In [125]:
from ogb.graphproppred import PygGraphPropPredDataset
from torch_geometric.data import DataLoader
import src.GNNtrainer.models as models
from collections import namedtuple
from tensorboardX import SummaryWriter
import torch
import time
from torch.autograd import Variable
from torch_geometric.datasets import TUDataset
import torch_geometric.transforms as T

In [126]:
# For OGBG-MOLHIV
#dataset = PygGraphPropPredDataset(name = "ogbg-molhiv", root = '/io/ogbg')
# For reddit-binary
dataset = TUDataset(root='/io/reddit', name='REDDIT-BINARY', transform=T.Constant(1))

## Train on REDDIT-BINARY

In [127]:
print()
print(f'Dataset: {dataset}:')
print('====================')
print(f'Number of graphs: {len(dataset)}')
print(f'Number of features: {dataset.num_features}')
print(f'Number of classes: {dataset.num_classes}')

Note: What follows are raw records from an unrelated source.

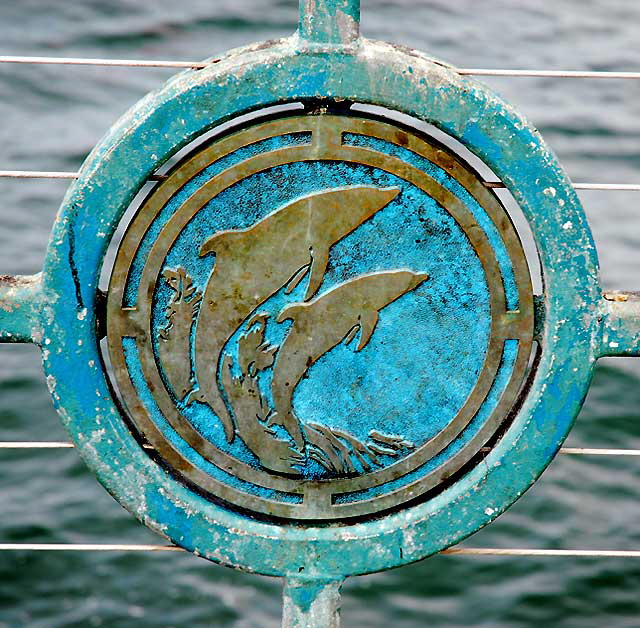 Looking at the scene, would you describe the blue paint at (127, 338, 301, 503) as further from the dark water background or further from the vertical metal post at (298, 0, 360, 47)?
the dark water background

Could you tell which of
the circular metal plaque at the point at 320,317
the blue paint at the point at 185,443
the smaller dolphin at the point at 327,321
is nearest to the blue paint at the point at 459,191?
the circular metal plaque at the point at 320,317

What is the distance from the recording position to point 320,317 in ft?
5.92

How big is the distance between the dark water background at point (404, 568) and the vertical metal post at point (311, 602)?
1.58 m

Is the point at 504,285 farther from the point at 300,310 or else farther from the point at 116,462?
the point at 116,462

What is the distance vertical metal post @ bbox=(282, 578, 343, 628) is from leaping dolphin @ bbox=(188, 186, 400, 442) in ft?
1.46

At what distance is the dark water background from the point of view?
3547mm

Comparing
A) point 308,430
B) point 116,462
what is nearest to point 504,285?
point 308,430

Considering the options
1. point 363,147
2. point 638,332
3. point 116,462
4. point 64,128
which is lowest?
point 116,462

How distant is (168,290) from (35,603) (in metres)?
2.08

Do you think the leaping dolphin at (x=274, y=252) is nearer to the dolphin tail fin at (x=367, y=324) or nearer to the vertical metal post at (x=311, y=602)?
the dolphin tail fin at (x=367, y=324)

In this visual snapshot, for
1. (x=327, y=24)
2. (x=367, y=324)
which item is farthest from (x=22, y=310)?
(x=327, y=24)

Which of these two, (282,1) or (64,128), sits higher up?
(282,1)

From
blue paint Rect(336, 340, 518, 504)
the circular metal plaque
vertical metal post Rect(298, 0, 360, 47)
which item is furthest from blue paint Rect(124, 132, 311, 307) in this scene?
blue paint Rect(336, 340, 518, 504)

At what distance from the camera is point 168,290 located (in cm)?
179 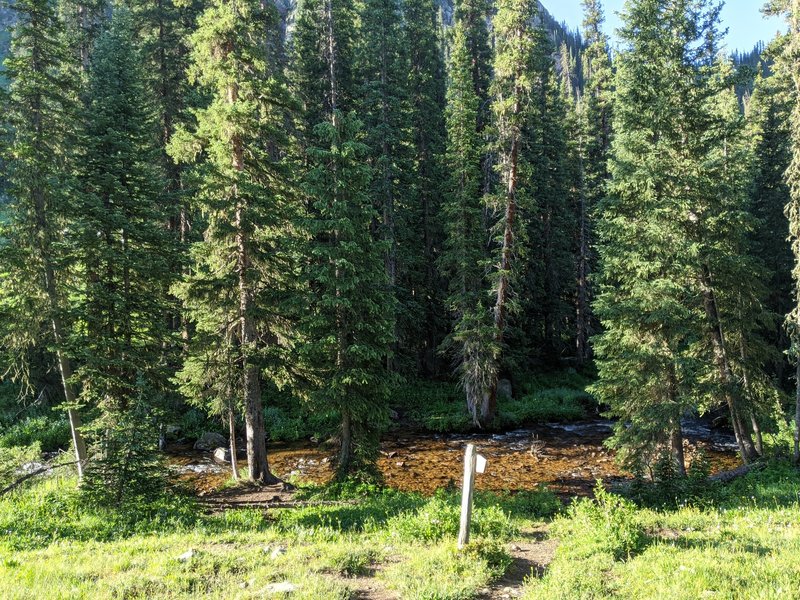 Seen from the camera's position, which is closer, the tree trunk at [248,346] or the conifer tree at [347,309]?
the conifer tree at [347,309]

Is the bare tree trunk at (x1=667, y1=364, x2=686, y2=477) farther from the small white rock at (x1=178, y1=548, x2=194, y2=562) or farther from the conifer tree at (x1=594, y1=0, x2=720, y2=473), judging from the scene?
the small white rock at (x1=178, y1=548, x2=194, y2=562)

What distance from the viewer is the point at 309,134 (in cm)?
2566

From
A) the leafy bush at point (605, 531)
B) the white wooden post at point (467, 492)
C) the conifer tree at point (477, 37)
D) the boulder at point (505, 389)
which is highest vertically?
the conifer tree at point (477, 37)

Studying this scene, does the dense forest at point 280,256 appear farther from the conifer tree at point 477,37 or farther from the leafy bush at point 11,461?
the conifer tree at point 477,37

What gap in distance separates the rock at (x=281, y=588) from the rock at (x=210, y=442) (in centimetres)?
1747

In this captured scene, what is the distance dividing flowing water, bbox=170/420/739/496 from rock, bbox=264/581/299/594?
30.8ft

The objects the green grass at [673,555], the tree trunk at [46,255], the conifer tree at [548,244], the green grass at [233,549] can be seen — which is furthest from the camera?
the conifer tree at [548,244]

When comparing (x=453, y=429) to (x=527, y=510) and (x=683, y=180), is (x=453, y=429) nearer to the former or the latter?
(x=527, y=510)

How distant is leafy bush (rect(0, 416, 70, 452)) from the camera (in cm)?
2133

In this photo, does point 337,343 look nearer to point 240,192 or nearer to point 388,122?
point 240,192

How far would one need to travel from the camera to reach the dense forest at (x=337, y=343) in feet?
25.0

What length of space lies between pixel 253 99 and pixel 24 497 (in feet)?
44.0

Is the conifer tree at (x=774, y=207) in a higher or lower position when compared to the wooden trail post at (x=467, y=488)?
higher

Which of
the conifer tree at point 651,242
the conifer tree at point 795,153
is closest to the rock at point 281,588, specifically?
the conifer tree at point 651,242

data = dataset[0]  # Get the first graph object.

print()
print(data)
print('=============================================================')

# Gather some statistics about the first graph.
print(f'Number of nodes: {data.num_nodes}')
print(f'Number of edges: {data.num_edges}')
print(f'Average node degree: {data.num_edges / data.num_nodes:.2f}')
print(f'Contains isolated nodes: {data.contains_isolated_nodes()}')
print(f'Contains self-loops: {data.contains_self_loops()}')
print(f'Is undirected: {data.is_undirected()}')


Dataset: REDDIT-BINARY(2000):
Number of graphs: 2000
Number of features: 1
Number of classes: 2

Data(edge_index=[2, 480], x=[218, 1], y=[1])
Number of nodes: 218
Number of edges: 480
Average node degree: 2.20
Contains isolated nodes: False
Contains self-loops: False
Is undirected: True


In [129]:
torch.manual_seed(12345)
dataset = dataset.shuffle()

train_dataset = dataset[:1500]
test_dataset = dataset[1500:]

print(f'Number of training graphs: {len(train_dataset)}')
print(f'Number of test graphs: {len(test_dataset)}')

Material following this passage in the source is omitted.